Alan McCluskey’s books


All Alan McCluskey’s books are about the self-empowerment of the young, girls in particular, in a world that tends to curtail their opportunities, belittle their abilities and discourage them from doing great things. His books also explore the difficulties of those whose gender and sexuality lie beyond the dominant binary divide between boy and girl. His goal in writing fiction is to imagine inspiring ways forward, despite the difficulties thrown in the way of these young people.


Chimera

Chimera (2019)

chimera is an organism containing two or more distinct sets of genes and, potentially, several beings in one.

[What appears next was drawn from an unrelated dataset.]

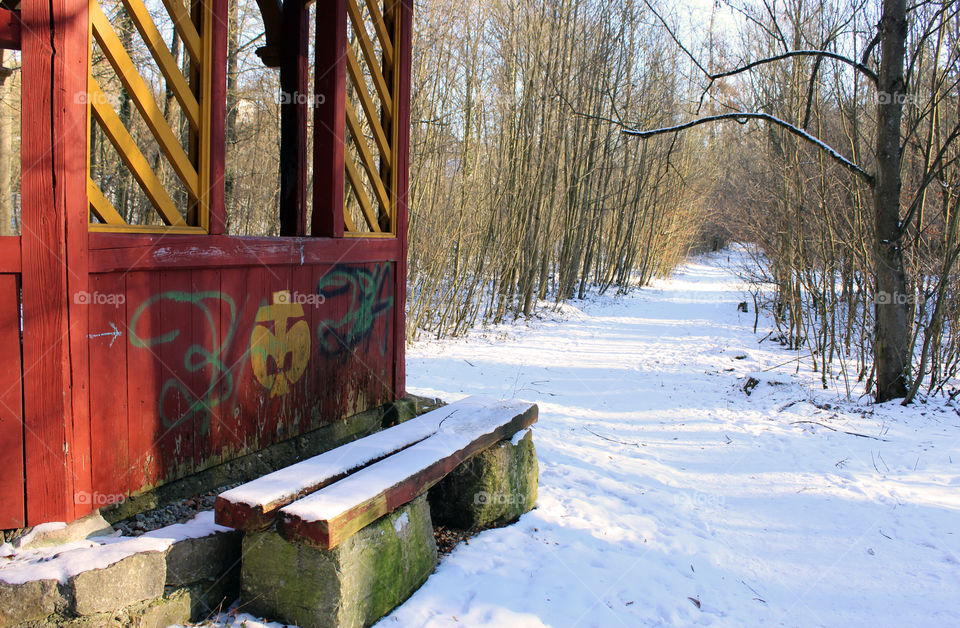 wooden Pavillon and a bench on a forest footpath in winter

Sami and Sam are a chimera, two people in one, a girl and a boy, a leader and healer of people sharing a body with a brilliant but autistic child.

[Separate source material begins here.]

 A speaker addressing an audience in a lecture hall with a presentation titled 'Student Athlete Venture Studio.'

Sam talking to himself on discovering he is one half of a chimera…

:: not being able to speak, to move – such was the price I had to pay – to cut out the chaos and confusion from a world run wild – a raw satisfaction – being barricaded in my head these past twelve years – all for nothing – that blasted girl has ruined everything – surging out of nowhere – pirating my body – bridging the gap between me and the others – letting chaos rush in – beguiling everyone with her codswallop – not me – I’m not impressed – some say she’s destined to be our saviour – as if the block-head could save a fly – I just want her gone

Sami’s first ever words to her teacher and her father…

“I … need … to explain. Words come with … difficulty. I must … be brief. Sam and I are a … chimera … there are two of us… Sam is the boy you know. New things terrify him. He cannot speak … out loud. He stumbles. He falls. I am new. I just awoke. I am a girl. I play piano I talk. I walk. As for that violence you just saw, that was Sam trying to kick me out”

Chimera is a new novel by Alan McCluskey that was published mid-May 2019

For more details, click here.

Stories People Tell

Stories People Tell (2018)

Stories People Tell is a tale about Annie Wight, a shy schoolgirl who, despite sustained, cruel treatment and personal doubts, blossoms into a major voice in the grassroots movement ‘London Whatever’ celebrating gender diversity while struggling to end violence against women and care for the weak and marginalised.

Annie wasn’t expecting to fall in love with a girl or to shoot to notoriety when she got swept up in ‘London Whatever’. Nor could she have known that, right from the outset, she would become the number one target of Nolan Kard, the homophobic Lord Mayor of London. who was campaigning to ‘Keep London Straight’. She bore the brunt of attacks from his rogue police, not to mention from a sinister gang of ghostwriters, the nightmare of all Kard’s enemies.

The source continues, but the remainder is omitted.